IRAK’ın kuzeyindeki bölgenin pek çalımlı lideri Mesut Barzani’nin karizması çizildi mi çizilmedi mi, onu kendisini lider sayanlar düşünsün. Ama bir gerçek var ki, Barzani son olarak 19 Şubat günü El-Arabiya isimli televizyon kanalına:
"Sabrın da bir sınırı vardır. Şunu bildiriyorum ki, Türkiye’nin federe Kürdistan topraklarına olan saldırıları devam ederse artık sessiz kalmayacağız" dedikten iki gün sonra Irak’ın kuzeyindeki PKK yuvalarına karşı harekát başladı.
Barzani de sessiz kalmayacağını, başında bulunduğu Irak Kürdistan Demokrat Partisi (IKDP) Dış İlişkiler sorumlusu Sefin Dizayi’nin, "Peşmergelere kendilerini savunmak zorunda kalmadıkça silaha davranmamaları talimatı verdik" anlamındaki demeciyle ispat etti.

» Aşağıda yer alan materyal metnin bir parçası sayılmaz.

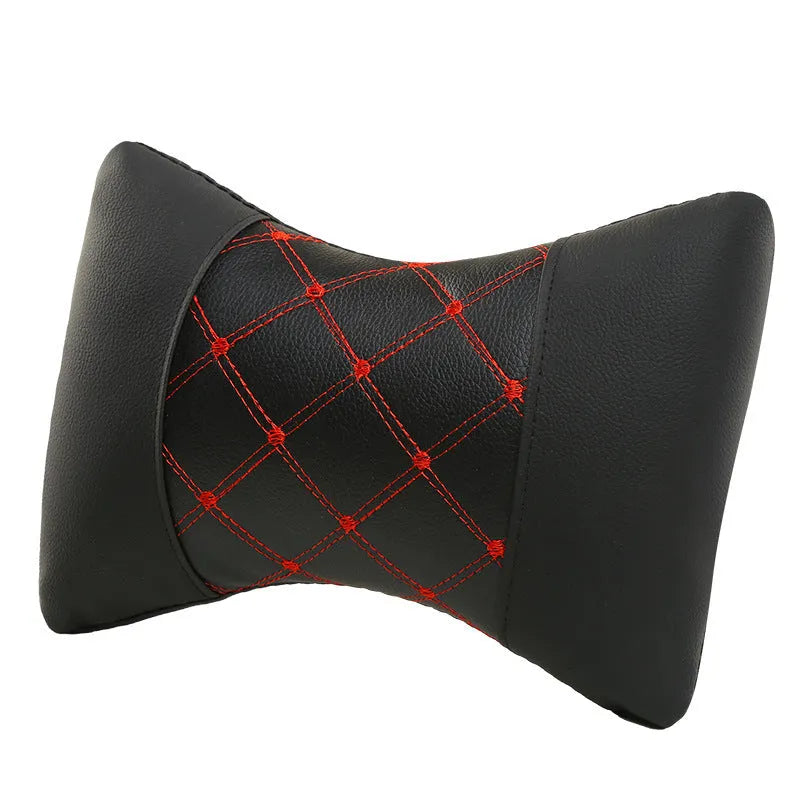 Black leather quilted car headrest pillow for neck support with diamond pattern stitching.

Bizim Genelkurmay Başkanlığı’nın ve onun ardından hükümet adına Başbakan Yardımcısı Cemil Çiçek’in, "Bu harekát sadece PKK’ya yöneliktir. Onun dışındaki herhangi bir unsur veya sivil halka yönelik hiçbir tarafı yoktur" yolundaki açıklamalarına rağmen kabul edelim ki bu harekátın dolaylı bir hedefi de kendisini hedef haline getiren Mesud Barzani’dir. Çünkü PKK’ya yıllardır orada yerleşme ve palazlanma hakkını veren, bu terör örgütünü koruyan Mesud Barzani’nin kendisidir. O nedenle PKK’ya atılan şamarın izini Barzani’nin suratında da aramak gerekir.

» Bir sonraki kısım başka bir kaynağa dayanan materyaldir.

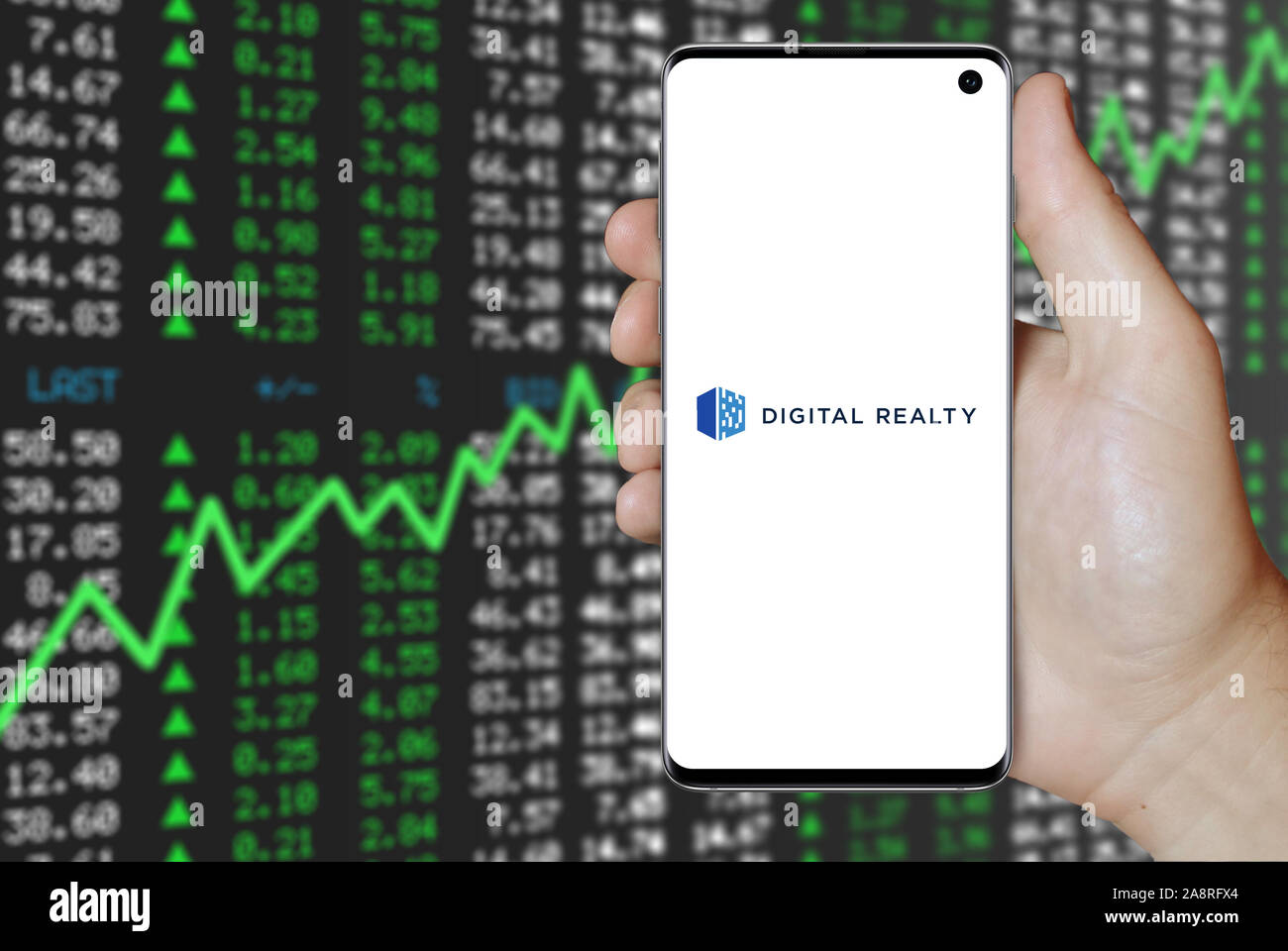 Logo of public company Digital Realty Trust Inc displayed on a smartphone. Positive stock market background. Credit: PIXDUCE Stock Photo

Zaten bu harekáta Türkiye dışında hiç kimse karşı çıkmazken bir tek onun rahatsızlık duymasının başka bir açıklaması yoktur.

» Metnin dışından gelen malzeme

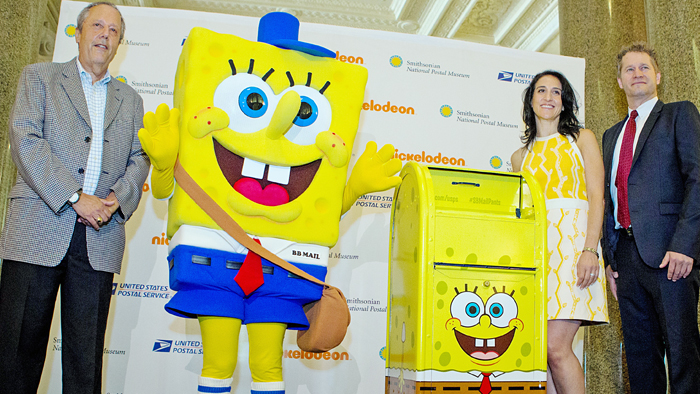 The induction ceremony featured, from left, Allen Kane, director of the National Postal Museum; SpongeBob SquarePants; Sharon Cohen, an executive vice president for Nickelodeon; and Chris Karpenko, the Postal Service’s brand marketing executive director.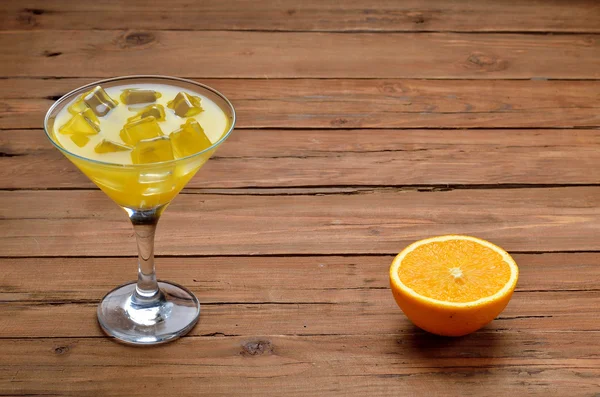 Orange juice with ice in a glass of martini on a wooden table. — Stock Photo, Image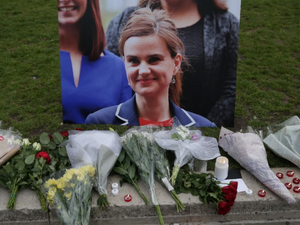 Flowers and candles are placed next to a picture of murdered Labour MP Jo Cox at a vigil in Parliament Square in London on June 16, 2016 (AFP Photo/Daniel Leal-Olivas)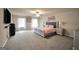 Large main bedroom with a ceiling fan and a comfortable, stylish king-sized bed at 157 Oliver Dr, Locust Grove, GA 30248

Keza Barzani dahil herkes bilmektedir ki bu harekátla PKK’nın varlığı sıfıra inecek değildir. Ama bu harekát Türk Silahlı Kuvvetleri’nin sillesinin ne kadar ağır olduğunu hatırlatmak yönünden yararlı ve gereklidir.
Yeri gelmişken belirtelim:
Önceki gece başlatılan kara harekátının uluslararası hukukun kurallarına ve gereklerine uygun şekilde uygulanmaya konmuş olması nedeniyle hem hükümeti hem de Genelkurmay Başkanlığı’nı kutlamak gerekir.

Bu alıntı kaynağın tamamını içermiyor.